Learn to serve others and to enlist others’ support. No leader does anything remarkable alone. You cannot lead without followers. Recognize your employees’ good work and make sure your vision of the future resonates with them. Understand what your people want, and show them how your vision and shared purpose align. Help people understand “what’s in it for them.”
You can’t excel by staying the same. Seek new and uncomfortable challenges. Taking on a challenge helps you achieve “flow,” a state in which you perform at your peak and find the greatest satisfaction. Don’t avoid risk or live tentatively. Be willing to commit errors, fail and learn. When you fail at first, stick with your goal. “Grit” always beats “talent.” Know your priorities and go after them. Think long term.
When you receive recognition or win an award, thank all the people who helped you. Nothing great happens when you act solo without asking for help. Your relationships drive your achievements as a leader. Reach out to those around you – including your employees – for advice. Learn to understand other people better and to enlist their support.
“Your success as a leader links inextricably to how well you understand others’ homes, dreams and aspirations,” they write.
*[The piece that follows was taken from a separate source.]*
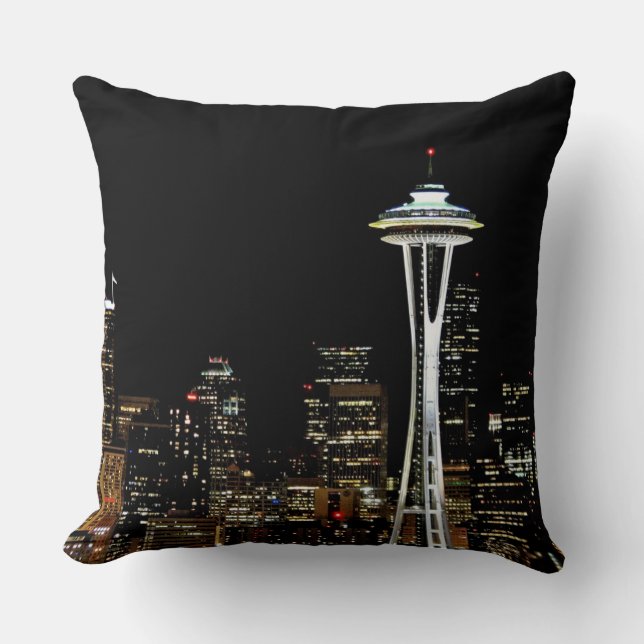 Coussin Horizon de Seattle la nuit, avec l'aiguille de (Recto)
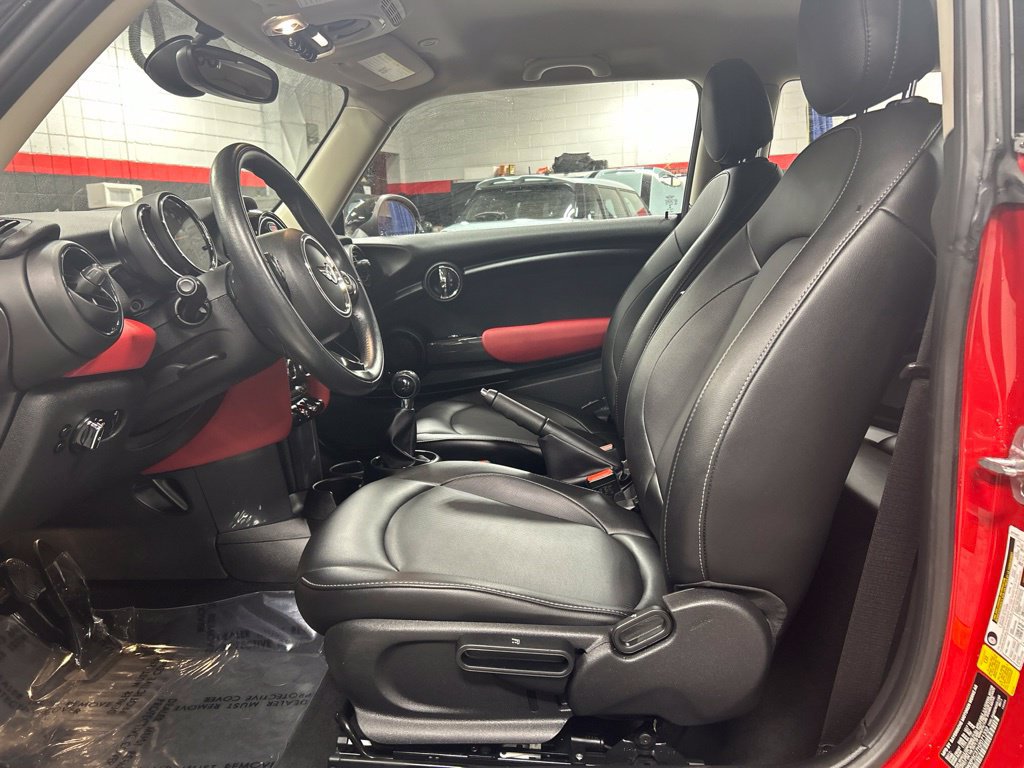 Used 2017 MINI Cooper 2-Door Hardtop FWD image 21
Practice is the reason top professionals perform their arduous tasks with apparent ease. That ease inspires people to believe mistakenly in natural leadership talent. No such thing exists. Only “deliberate practice” leads to greatness. Structure your leadership practices, think about what you do, set goals, devise techniques, build “muscle memory” and form healthy, disciplined habits – especially the habit of constant learning.